Advise on Metabase setup for a multiple database/customers scenario

mszopinski · September 20, 2019, 7:25am

Hi,

I’ve been scouting the forums and guides as we have set up Metabase for our product in the last few weeks.

What we currently have is a SaaS product, that has a small, independent instance of our product for all of our customers. Let’s use an example to try to explain what I’m getting at:
instance 1 - customer 1
instance 2 - customer 1
instance 3 - customer 1
instance 4 - customer 2
Every instance is connected to Metabase and we have a set of reports and dashboards that we manage to copy via a script from our template collection. Then by using groups and permissions we give access to the collection related with the customer instance.

So Bob (customer 1) can see 3 collections of reports for his 3 instances (instances 1, 2, 3)
In the same time Mary (customer 2) can only see her collection for instance 4.

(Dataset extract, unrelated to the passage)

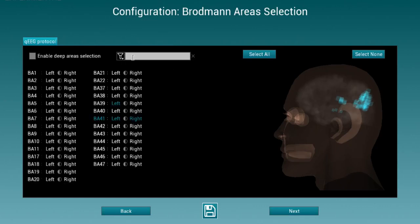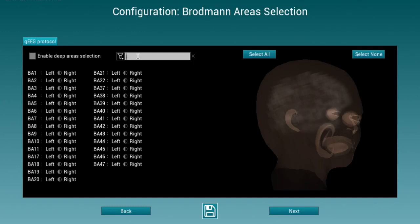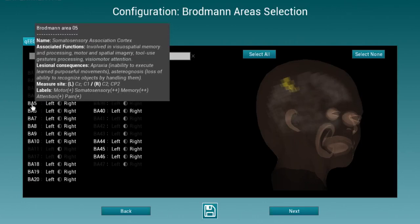Once you've done so, it is time to select the Brodmann areas you'd like to reinforce. You can either select these areas yourself if you know what they're related to — they highlight in yellow on the right-hand side when the mouse is over them. If you don't know much about Brodmann areas, it is possible to search them by keyword. For instance, if you want to uptrain functions associated with memory, just type 'memory' and we will highlight Brodmann areas related to it. You will see a brief description of each Brodmann area when you put the mouse over it.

This works just fine and the customers see reports for their individual instances. What we’re struggling to find a solution for is how to use the same template collection and use it to display an aggregated report for all instances owned by one customer. In my example above, Bob has 3 instances and would like to see an accumulated report for all 3 instances at the same time (for example: all new transactions within his 3 instances, now he can only see that separately).
Is this possible to achieve within Metabase? Or do we have to create another db and aggregate the data there?

Best regards,
Maciej

flamber · September 20, 2019, 1:43pm

Hi @mszopinski
Metabase currently does not allow queries across databases. There’s a request for it, go and upvote by clicking on the first post.
https://github.com/metabase/metabase/issues/3953
But until that is supported, then you could setup a separate database to consolidate, where you structure the data in a way that matches the customers. Depending on your type of database, you might be able to use views on your existing database.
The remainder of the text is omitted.